В смелом решении Августа Ла Торре и его соратников таился определенный риск: слишком велик был соблазн рассказать всю правду о деятельности клана, получив взамен возможность выйти через несколько лет на свободу и сохранить за собой легальную экономическую власть, передав решение силовых вопросов другим, в первую очередь албанским семьям. Как будто бы подробная и откровенная информация гарантировала им сохранение за собой легальной экономической деятельности и позволяла избежать пожизненного заключения и внутренних файд, вызванных сменой власти. Август не мог сидеть за решеткой и не мог смириться с долгими годами заключения, как это делали великие боссы, рядом с которыми он вырос. Находясь в умбрийской тюрьме, он требовал, чтобы ему готовили исключительно вегетарианские блюда, а поскольку видеомагнитофоны в камерах были запрещены, то, будучи киноманом, договорился с редактором местного телевидения о трансляции всех трех серий «Крестного отца» в удобное ему время — вечером, перед сном.

Судьи чувствовали двойственность ситуации: Ла Торре не отказывался от роли босса, несмотря на свои признания.

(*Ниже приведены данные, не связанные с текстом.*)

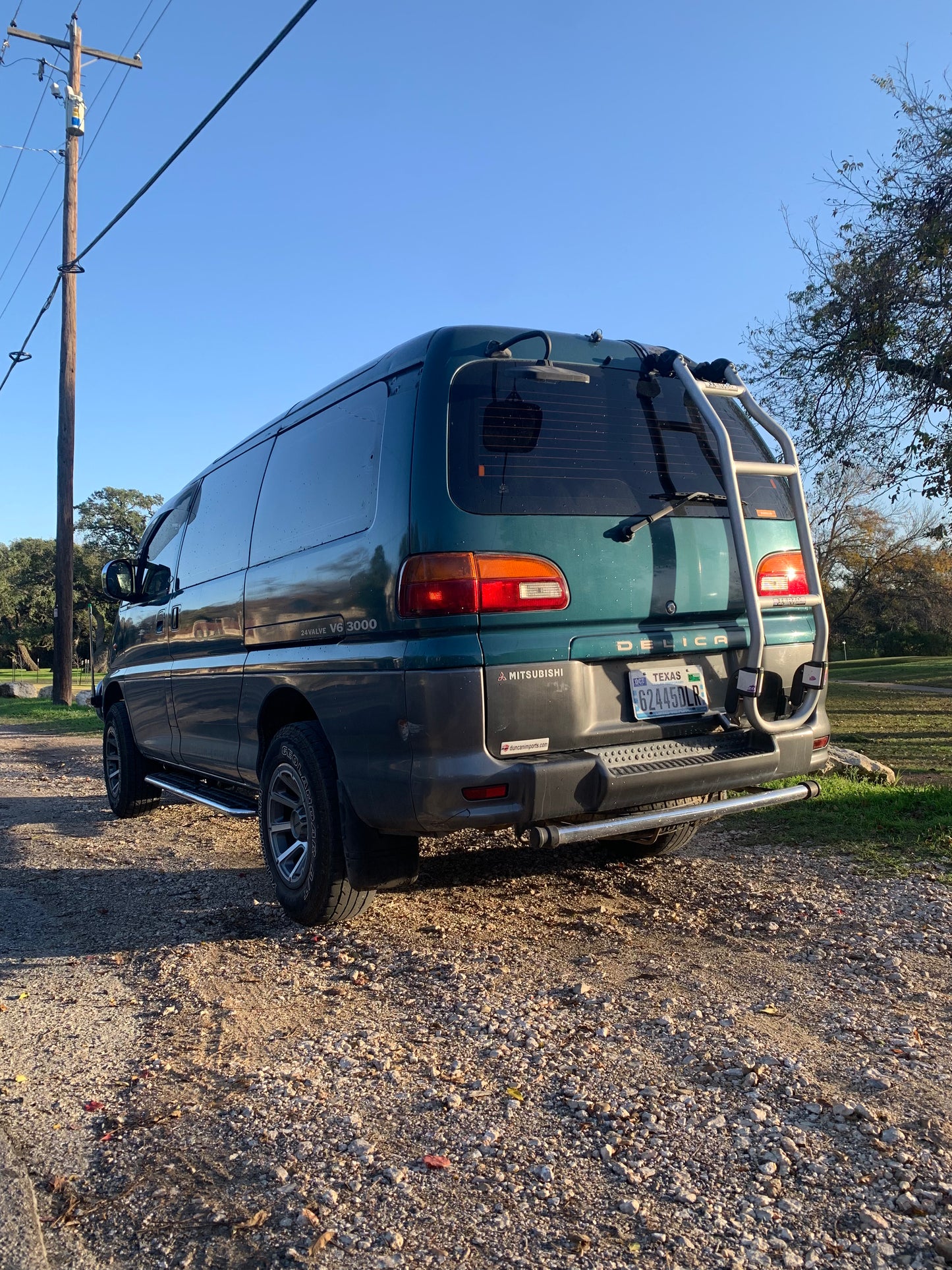 1994 Mitsubishi Delica, 4WD and AC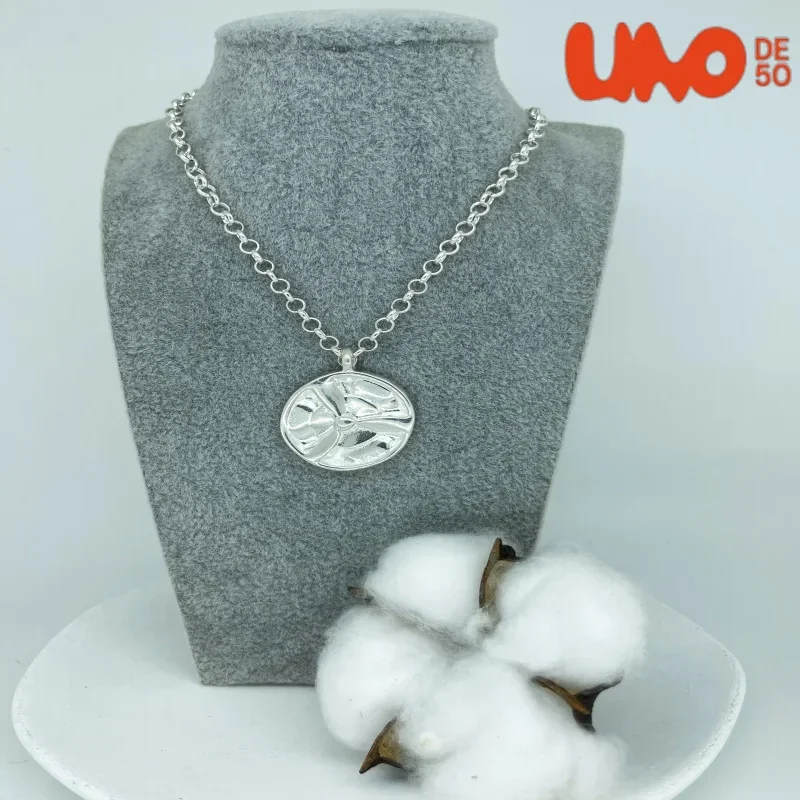2025 Best Selling Exquisite High Quality UNO DE 50 Fashion Classic 925 Necklace Jewelry Daily Collocation Holiday Romantic Gifts
2025 Best Selling Exquisite High Quality UNO DE 50 Fashion Classic 925 Necklace Jewelry Daily Collocation Holiday Romantic Gifts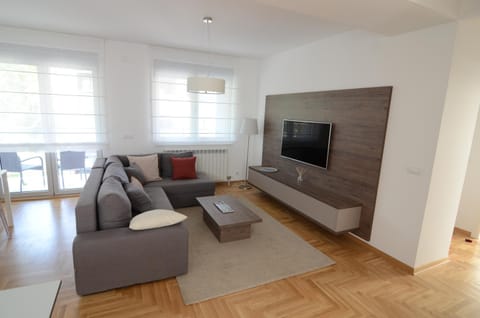 TV and multimedia, Living room, Seating area, Evening entertainment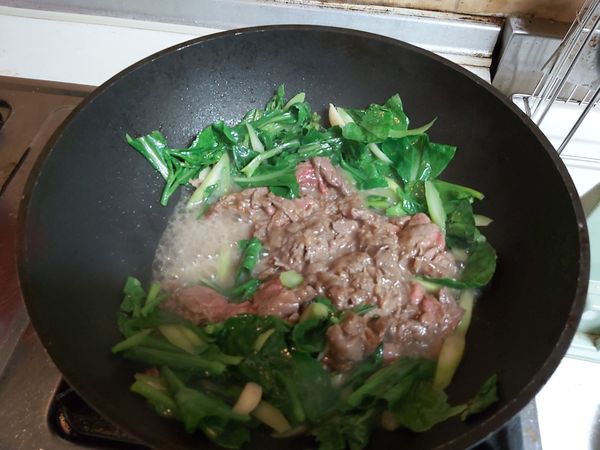 半熟牛肉回倒鍋中，下調味料翻煮。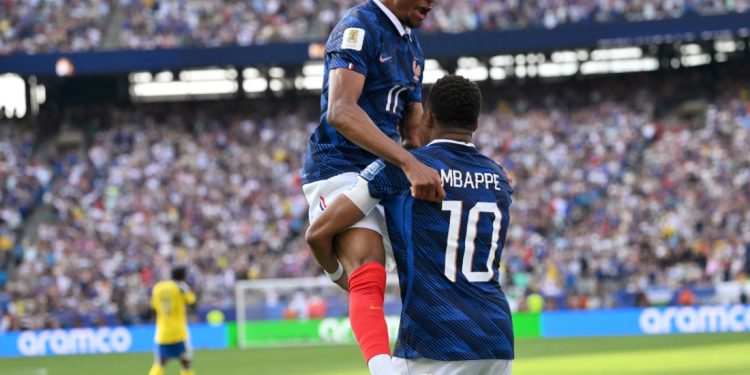 Franca e papërmbajtshme, “gjelat” çmontojnë edhe Suedinë, shkëlqen Mbappe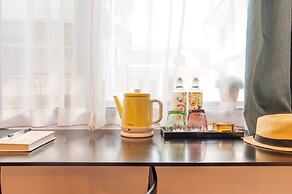 Hangzhou Backlighting Inn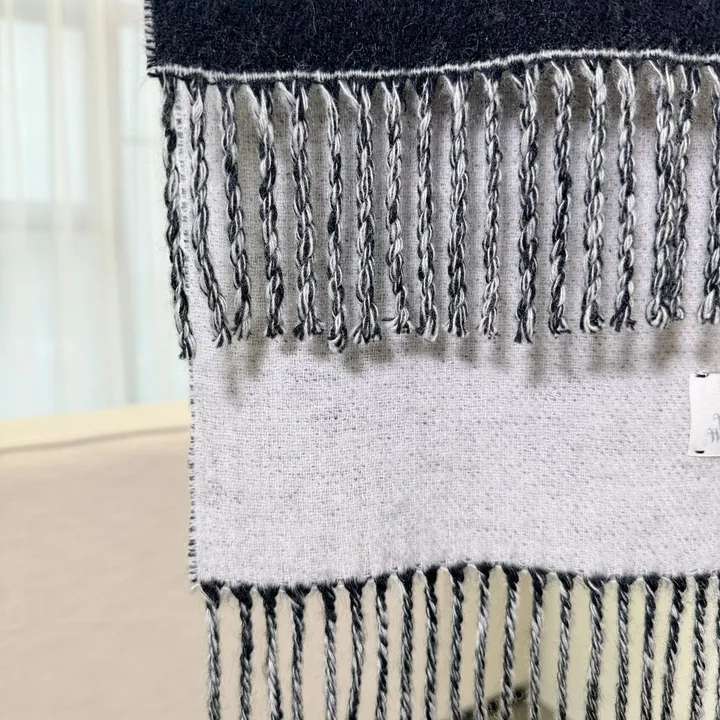 スーパーコピー ヴィヴィアン・ウエストウッド マフラー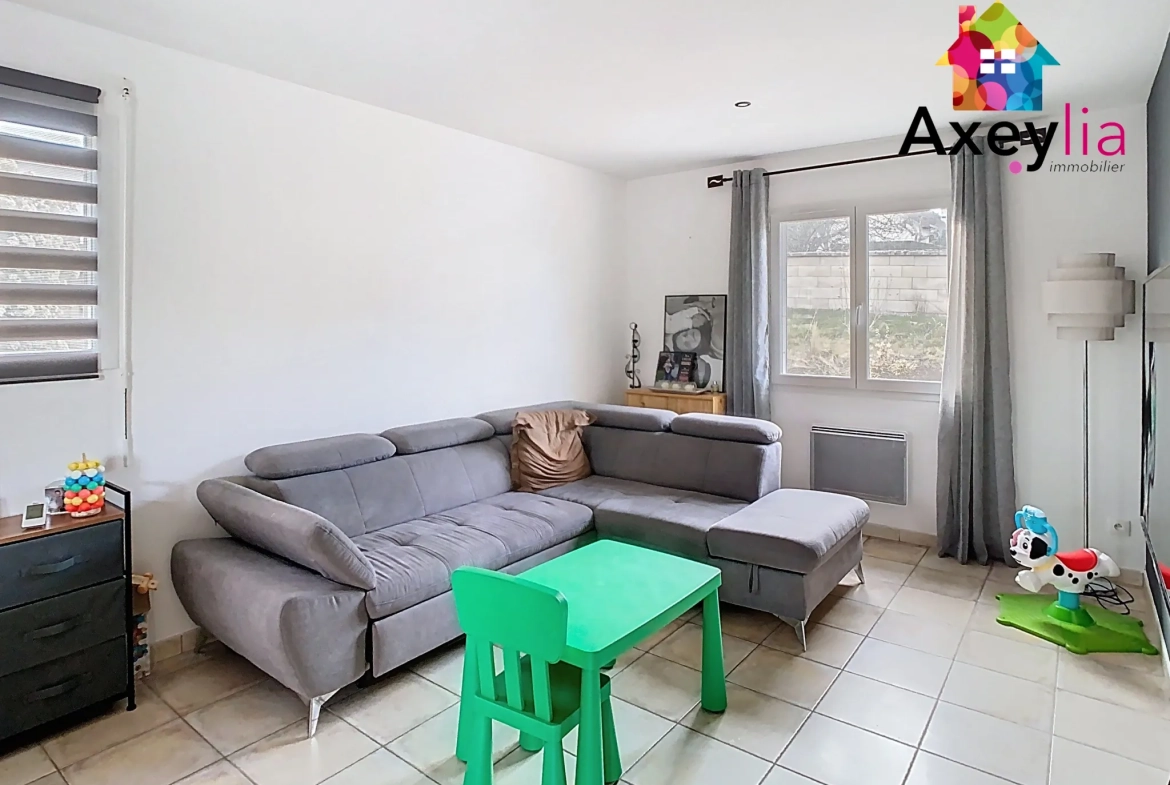 Maison de plain-pied à vendre à Saint-Martin-d'Estréaux avec terrain et dépendances 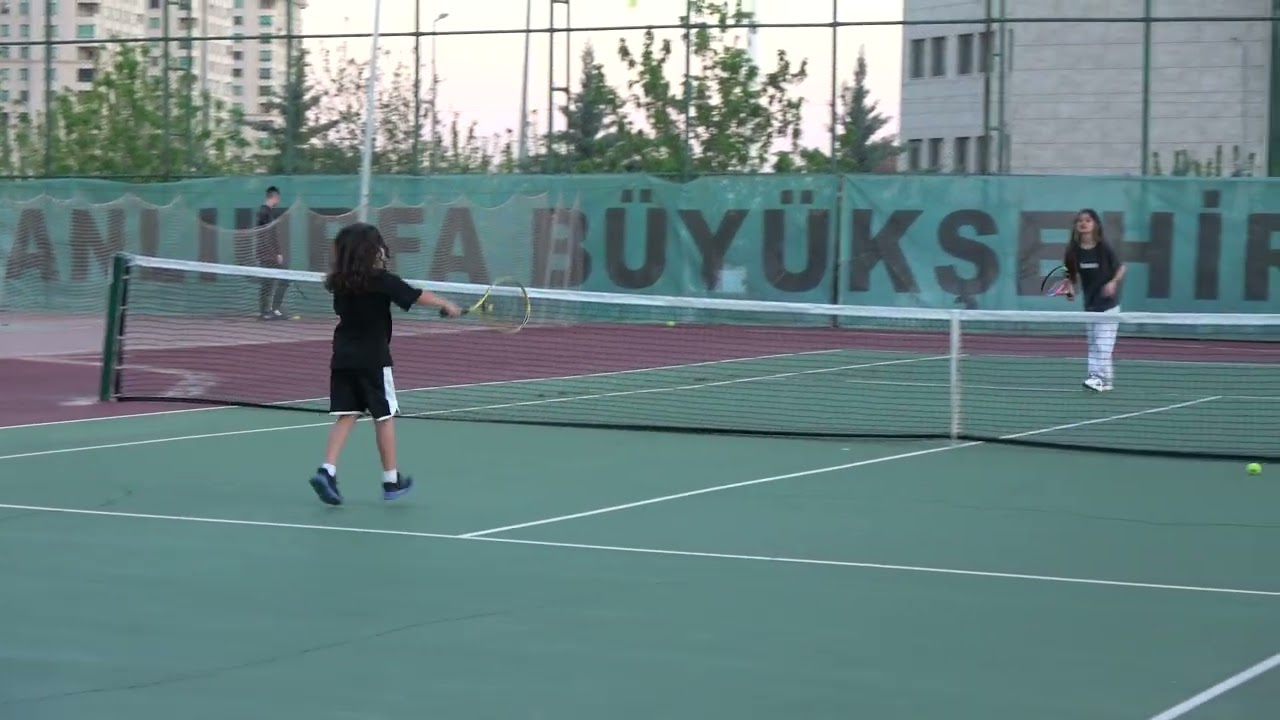 23 NİSAN TENİS TURNUVASI BAŞLADI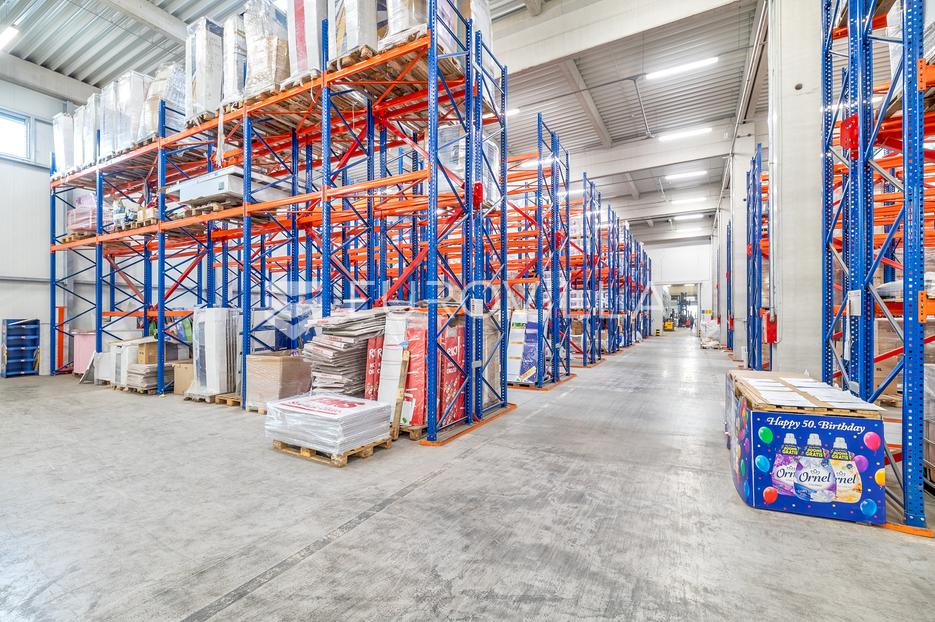 Locaux commerciaux À vendre -  Peščenica - Žitnjak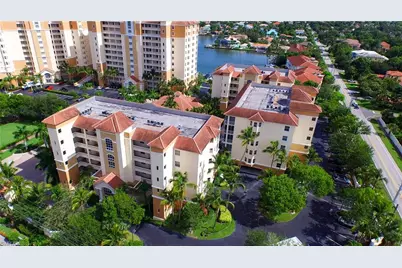 470 Launch Cir #403, Naples, FL 34108 - Photo 9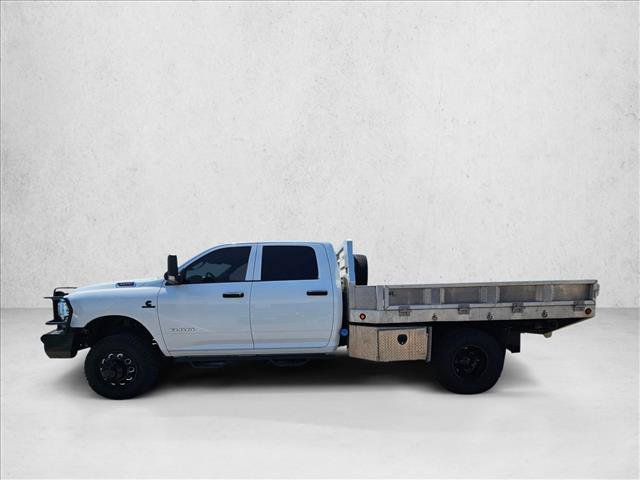 Used 2020 RAM 3500 Tradesman w/ Chrome Appearance Group AWD/4WD image 8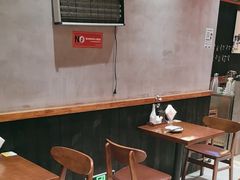 -8PINTS八品脱·日料·烧鸟·精酿小酒馆(莘庄店)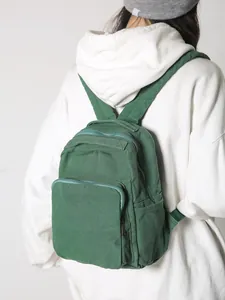 Mochila retro de lona verde bosque con correas ajustables y bolsillo con cremallera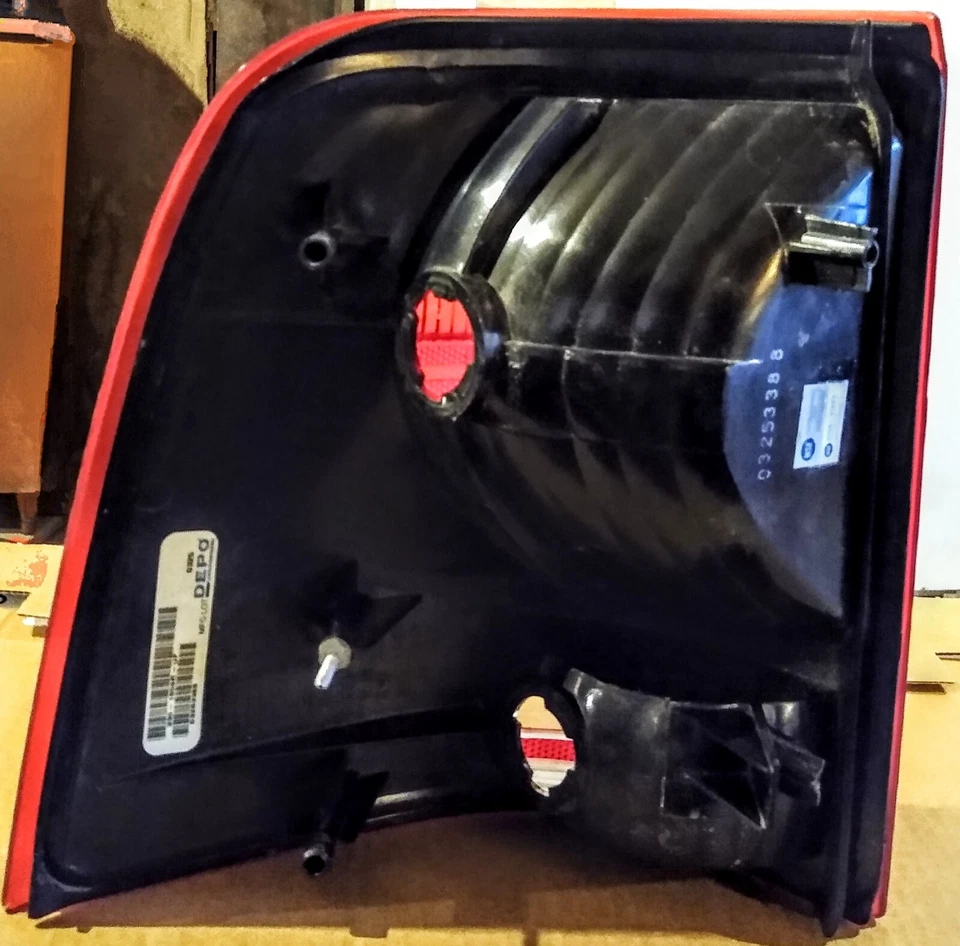 02-05 Ford Explorer Mercury Mountaineer conjunto de luces traseras laterales para pasajero derecho DEPO Foto 2 de 4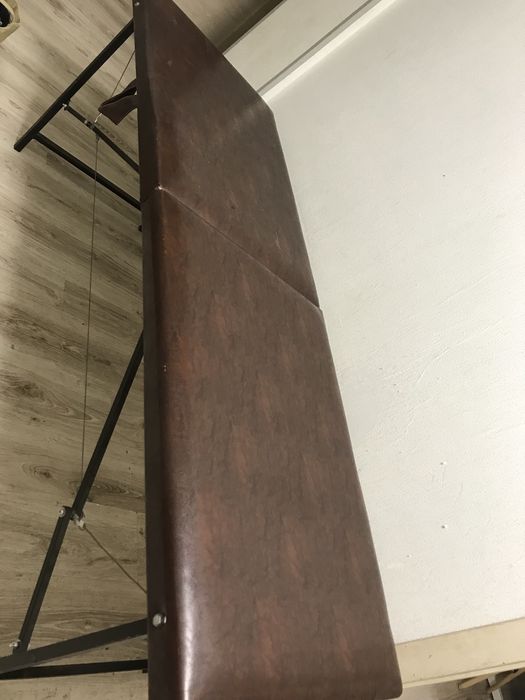 Продам кушетку 15000тг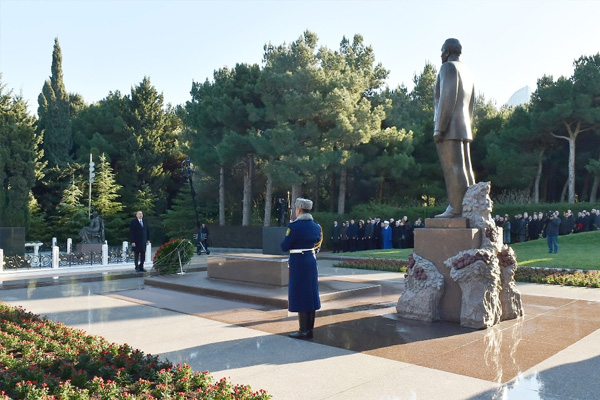 Haydar Aliyev kabri başında anıldı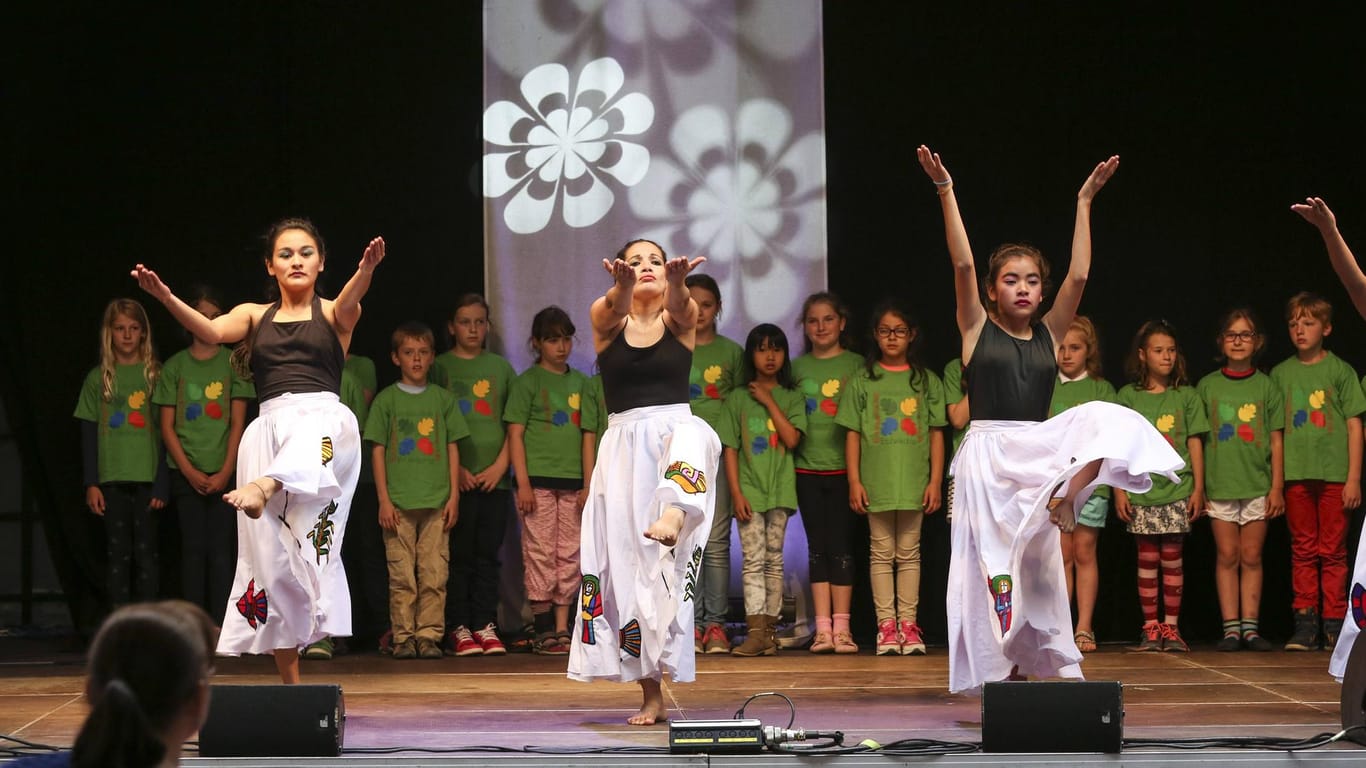 Kinder zeigen eine Tanzaufführung auf einer Bühne (Archivbild): Die Internationale Sommerbühne in Wolfsburg soll in diesem Jahr wieder stattfinden.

Они составляли часть его могущества, и это видно по письму, адресованному дяде, где Август заверяет, что не упоминал его имени в связи с делами клана, но попутно умело включает и явную угрозу, адресованную дяде и двум его родственникам, пресекая таким образом даже теоретическую возможность появления в Мондрагоне враждебного боссу альянса: «Люди, которых твой зять и его отец воспринимают как защитников, окажутся их могильщиками».

Несмотря на сотрудничество с полицией, босс, сидя в тюрьме Л'Аквилы, обращался к клану за деньгами, передавал через шофера Пьетро Скуттини и свою мать письма с приказами и просьбами, игнорируя запреты. Следствие установило, что за вежливыми просьбами скрывался самый настоящий рэкет. Написанное в чрезвычайно любезных тонах послание владельцу одного из крупнейших сыроваренных заводов на Домицианском побережье доказывало — Август продолжал держать его на крючке.

«Дорогой Пеппе, прошу тебя об огромном одолжении. Для меня все кончено, и я обращаюсь к тебе за помощью во имя нашей долгой дружбы, только ради нее, и даже если ты ответишь отказом, не беспокойся, я останусь твоим другом. Мне срочно нужны десять тысяч евро, и я буду очень благодарен, если ты еще дополнительно сможешь выплачивать мне тысячу евро в месяц, мне и моим детям на проживание…»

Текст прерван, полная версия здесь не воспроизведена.